It is difficult to effectively sterilize the interior of the stacked foodstuff to be treated in case of a high stacking density of the foodstuff particles of the foodstuff to be treated. In addition, it is difficult to extract the moisture from the interior of the stacked foodstuff to be treated, and the time for drying the foodstuff to be treated is longer. By introducing the first stacking features, the heating power of the heating plate 126 and the first transmission speed of the first conveyor belt 122 can be adjusted by effectively recognizing the stacking situation of the foodstuff to be treated, so that the foodstuff to be treated can be thoroughly dried and sterilized.

In some embodiments, the processor may determine the second transmission speed of the second conveyor belt 140 based on a post-drying temperature of the foodstuff to be treated and an ambient temperature.

In some embodiments, the processor may generate a plurality of candidate second transmission speeds, and predict an estimated cooling sequence corresponding to each of the plurality of candidate second transmission speeds by using a second effect prediction model. The transmission speed of second conveyor belt 140 may be determined and adjusted accordingly based on the estimated cooling sequence corresponding to each of the plurality of candidate transmission speeds, thereby improving the operation efficiency of the device.

The second effect prediction model refers to a machine learning model that predicts the second transmission speed of the second conveyor belt 140. In some embodiments, the second effect prediction model may be any one or any combination of DNN, or the like.

In some embodiments, an input of the second effect prediction model may include the post-drying temperature of the foodstuff to be treated, the ambient temperature, the candidate second transmission speeds, and an output of the second effect prediction model may include the estimated cooling sequence.

The estimated cooling sequence refers to a sequence composed of a plurality of temperature values corresponding to a time period during which the foodstuff to be treated is conveyed from a start end of the second conveyor belt 140 to a terminal end of the second conveyor belt 140. The estimated cooling sequence may take various forms. In some embodiments, the estimated cooling sequence may be a sequence composed of a plurality of temperature values measured at equal time intervals.

The post-drying temperature of the foodstuff to be treated refers to a temperature of the foodstuff to be treated when the foodstuff to be treated just falls out of the terminal end of the slanting cavity 123 disposed at the right end of the heating device 120. In some embodiments, the post-drying temperature of the foodstuff to be treated may be obtained by the at least one temperature sensor provided at the terminal end of the slanting cavity 123 disposed at the right end of the heating device 120.

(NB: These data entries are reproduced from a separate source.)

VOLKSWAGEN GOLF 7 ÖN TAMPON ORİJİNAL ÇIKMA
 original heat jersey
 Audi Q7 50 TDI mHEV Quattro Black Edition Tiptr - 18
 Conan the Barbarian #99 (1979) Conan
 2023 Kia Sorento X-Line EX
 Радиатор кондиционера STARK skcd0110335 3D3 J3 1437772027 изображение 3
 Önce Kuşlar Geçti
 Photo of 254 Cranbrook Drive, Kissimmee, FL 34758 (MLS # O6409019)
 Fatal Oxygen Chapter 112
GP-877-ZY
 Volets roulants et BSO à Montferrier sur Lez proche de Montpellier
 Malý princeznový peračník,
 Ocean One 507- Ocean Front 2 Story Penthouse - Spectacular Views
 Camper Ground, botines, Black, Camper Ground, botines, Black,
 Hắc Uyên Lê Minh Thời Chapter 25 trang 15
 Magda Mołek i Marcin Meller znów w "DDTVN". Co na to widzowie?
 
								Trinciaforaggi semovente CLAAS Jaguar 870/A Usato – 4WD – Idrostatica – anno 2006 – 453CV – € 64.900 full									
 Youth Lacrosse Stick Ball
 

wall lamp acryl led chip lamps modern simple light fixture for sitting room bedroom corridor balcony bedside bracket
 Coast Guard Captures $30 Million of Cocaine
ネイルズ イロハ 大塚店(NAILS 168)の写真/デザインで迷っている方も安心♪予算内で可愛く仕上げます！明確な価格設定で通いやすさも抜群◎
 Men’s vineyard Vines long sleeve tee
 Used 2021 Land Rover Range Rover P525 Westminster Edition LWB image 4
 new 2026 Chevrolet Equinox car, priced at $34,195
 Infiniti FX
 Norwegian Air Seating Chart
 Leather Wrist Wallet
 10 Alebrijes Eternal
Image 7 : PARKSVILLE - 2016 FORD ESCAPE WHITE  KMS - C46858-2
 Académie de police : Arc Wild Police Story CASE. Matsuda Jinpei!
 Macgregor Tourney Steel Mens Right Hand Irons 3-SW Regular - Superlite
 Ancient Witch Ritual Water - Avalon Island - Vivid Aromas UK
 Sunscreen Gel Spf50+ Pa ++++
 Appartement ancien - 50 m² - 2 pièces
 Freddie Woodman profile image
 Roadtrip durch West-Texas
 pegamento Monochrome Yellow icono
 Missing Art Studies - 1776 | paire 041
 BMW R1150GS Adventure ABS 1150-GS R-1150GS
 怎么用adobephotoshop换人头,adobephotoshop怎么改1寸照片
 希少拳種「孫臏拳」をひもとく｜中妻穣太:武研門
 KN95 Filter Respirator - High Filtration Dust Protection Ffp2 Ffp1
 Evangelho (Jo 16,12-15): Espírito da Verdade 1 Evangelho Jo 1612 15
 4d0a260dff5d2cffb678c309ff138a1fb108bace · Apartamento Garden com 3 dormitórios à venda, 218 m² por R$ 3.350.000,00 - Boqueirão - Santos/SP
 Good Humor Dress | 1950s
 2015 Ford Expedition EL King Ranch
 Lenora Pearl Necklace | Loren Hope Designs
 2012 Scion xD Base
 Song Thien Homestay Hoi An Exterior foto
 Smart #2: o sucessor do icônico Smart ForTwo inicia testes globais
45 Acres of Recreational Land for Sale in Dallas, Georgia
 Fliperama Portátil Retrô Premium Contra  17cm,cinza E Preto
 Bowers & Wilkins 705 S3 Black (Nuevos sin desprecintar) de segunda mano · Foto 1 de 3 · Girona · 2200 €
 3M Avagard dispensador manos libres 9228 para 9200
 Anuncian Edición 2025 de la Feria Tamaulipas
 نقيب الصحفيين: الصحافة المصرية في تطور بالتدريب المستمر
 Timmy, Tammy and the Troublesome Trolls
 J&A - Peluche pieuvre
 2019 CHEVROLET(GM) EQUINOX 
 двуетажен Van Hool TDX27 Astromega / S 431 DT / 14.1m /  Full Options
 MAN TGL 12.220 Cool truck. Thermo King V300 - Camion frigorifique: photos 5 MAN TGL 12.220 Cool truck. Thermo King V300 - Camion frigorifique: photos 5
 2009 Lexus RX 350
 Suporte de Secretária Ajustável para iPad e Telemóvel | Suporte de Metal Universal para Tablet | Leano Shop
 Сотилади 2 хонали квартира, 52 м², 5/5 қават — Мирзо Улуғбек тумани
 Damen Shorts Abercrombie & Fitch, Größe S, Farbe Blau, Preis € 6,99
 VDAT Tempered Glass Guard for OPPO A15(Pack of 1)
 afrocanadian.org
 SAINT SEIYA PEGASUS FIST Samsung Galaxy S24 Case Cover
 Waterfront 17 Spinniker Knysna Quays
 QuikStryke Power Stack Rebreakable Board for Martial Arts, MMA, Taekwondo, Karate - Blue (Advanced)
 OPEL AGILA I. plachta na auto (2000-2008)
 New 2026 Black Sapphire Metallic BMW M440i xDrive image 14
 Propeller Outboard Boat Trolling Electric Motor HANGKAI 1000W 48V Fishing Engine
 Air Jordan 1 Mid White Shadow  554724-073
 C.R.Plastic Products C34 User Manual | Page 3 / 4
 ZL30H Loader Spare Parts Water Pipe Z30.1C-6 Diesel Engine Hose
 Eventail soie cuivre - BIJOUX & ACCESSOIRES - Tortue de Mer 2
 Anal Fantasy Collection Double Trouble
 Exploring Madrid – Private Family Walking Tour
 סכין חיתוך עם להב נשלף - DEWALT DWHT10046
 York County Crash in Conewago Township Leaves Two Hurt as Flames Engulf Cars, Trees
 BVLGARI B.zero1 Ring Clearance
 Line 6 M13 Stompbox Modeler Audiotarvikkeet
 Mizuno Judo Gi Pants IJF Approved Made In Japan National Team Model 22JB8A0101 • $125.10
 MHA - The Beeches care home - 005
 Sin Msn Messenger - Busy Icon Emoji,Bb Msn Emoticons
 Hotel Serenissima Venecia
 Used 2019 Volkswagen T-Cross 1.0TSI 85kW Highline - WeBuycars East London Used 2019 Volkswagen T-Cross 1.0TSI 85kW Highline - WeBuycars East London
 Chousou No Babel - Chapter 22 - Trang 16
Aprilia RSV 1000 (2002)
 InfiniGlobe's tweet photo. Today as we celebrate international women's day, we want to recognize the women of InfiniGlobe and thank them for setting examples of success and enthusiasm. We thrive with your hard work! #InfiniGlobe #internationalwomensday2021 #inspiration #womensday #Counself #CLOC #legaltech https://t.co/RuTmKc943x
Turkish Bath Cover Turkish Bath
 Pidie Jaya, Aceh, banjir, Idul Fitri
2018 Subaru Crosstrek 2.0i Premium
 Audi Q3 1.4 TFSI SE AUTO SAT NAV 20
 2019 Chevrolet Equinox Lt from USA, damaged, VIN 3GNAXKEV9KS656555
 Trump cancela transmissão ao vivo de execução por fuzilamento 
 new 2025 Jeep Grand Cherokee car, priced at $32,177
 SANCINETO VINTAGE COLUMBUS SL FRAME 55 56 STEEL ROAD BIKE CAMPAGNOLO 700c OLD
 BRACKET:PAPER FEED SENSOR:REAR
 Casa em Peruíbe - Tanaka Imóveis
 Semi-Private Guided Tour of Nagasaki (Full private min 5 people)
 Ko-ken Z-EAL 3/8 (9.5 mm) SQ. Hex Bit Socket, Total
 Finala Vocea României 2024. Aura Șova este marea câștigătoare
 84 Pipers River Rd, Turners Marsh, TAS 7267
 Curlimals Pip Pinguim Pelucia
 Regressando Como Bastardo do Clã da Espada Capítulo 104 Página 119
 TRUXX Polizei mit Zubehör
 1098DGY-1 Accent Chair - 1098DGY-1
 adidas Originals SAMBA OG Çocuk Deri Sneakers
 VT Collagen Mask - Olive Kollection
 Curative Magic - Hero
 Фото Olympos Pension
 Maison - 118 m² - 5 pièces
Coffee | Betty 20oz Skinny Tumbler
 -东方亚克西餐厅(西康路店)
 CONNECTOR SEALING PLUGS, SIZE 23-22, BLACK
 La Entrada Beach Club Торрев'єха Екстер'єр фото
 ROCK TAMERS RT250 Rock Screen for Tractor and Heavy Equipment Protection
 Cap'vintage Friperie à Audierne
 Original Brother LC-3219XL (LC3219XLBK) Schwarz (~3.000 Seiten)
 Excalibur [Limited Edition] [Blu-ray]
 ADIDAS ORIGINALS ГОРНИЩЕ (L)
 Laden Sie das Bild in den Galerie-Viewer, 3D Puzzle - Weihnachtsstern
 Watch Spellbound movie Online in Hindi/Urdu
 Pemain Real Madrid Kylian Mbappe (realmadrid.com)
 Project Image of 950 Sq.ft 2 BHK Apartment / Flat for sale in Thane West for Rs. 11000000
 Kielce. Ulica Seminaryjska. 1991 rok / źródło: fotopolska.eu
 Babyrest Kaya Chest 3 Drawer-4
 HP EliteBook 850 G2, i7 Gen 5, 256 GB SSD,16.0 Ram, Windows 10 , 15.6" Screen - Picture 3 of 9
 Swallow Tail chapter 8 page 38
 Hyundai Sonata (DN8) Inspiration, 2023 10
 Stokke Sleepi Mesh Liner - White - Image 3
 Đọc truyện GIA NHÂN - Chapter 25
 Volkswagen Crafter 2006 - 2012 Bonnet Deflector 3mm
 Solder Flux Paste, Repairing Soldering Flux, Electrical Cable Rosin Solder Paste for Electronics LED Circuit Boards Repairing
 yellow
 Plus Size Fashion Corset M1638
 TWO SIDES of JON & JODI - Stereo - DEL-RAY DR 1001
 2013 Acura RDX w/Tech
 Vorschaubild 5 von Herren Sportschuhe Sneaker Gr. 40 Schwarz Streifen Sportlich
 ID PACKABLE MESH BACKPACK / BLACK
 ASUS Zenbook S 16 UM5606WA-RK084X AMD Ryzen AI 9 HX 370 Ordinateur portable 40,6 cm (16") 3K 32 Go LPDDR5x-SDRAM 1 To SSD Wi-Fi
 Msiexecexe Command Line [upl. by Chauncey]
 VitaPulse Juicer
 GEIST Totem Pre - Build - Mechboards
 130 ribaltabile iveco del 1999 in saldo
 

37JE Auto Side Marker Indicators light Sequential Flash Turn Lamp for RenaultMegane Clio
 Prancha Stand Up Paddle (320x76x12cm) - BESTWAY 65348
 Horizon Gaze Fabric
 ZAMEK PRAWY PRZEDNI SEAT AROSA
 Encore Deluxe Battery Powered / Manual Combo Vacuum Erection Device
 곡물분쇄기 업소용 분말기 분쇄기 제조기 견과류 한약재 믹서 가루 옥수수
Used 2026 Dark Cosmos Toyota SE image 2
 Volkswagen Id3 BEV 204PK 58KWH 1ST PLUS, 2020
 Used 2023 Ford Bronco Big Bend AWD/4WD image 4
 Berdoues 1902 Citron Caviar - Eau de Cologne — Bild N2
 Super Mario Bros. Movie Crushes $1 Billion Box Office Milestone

The ambient temperature refers to a temperature of an environment outside the combined device. The ambient temperature may be obtained in various ways, such as a temperature-controlled device in a thermostatic workshop or a temperature sensor. In some embodiments, the ambient temperature may be obtained by the at least one temperature sensor provided on an outer surface of the combined device.

In some embodiments, the second effect prediction model may be trained in various ways based on a large number of third training samples with third labels. For example, the second effect prediction model may be trained based on the gradient descent or the adaptive learning rate.

In some embodiments, the third training samples may be sample post-drying temperatures of the foodstuff to be treated, sample ambient temperatures, and sample second transmission speeds of the second conveyor belt. The third labels corresponding to the third training samples may be an actual temperature sequence corresponding to the third training samples. The third training samples and the third labels may be obtained based on historical data. The third labels may be manually labeled.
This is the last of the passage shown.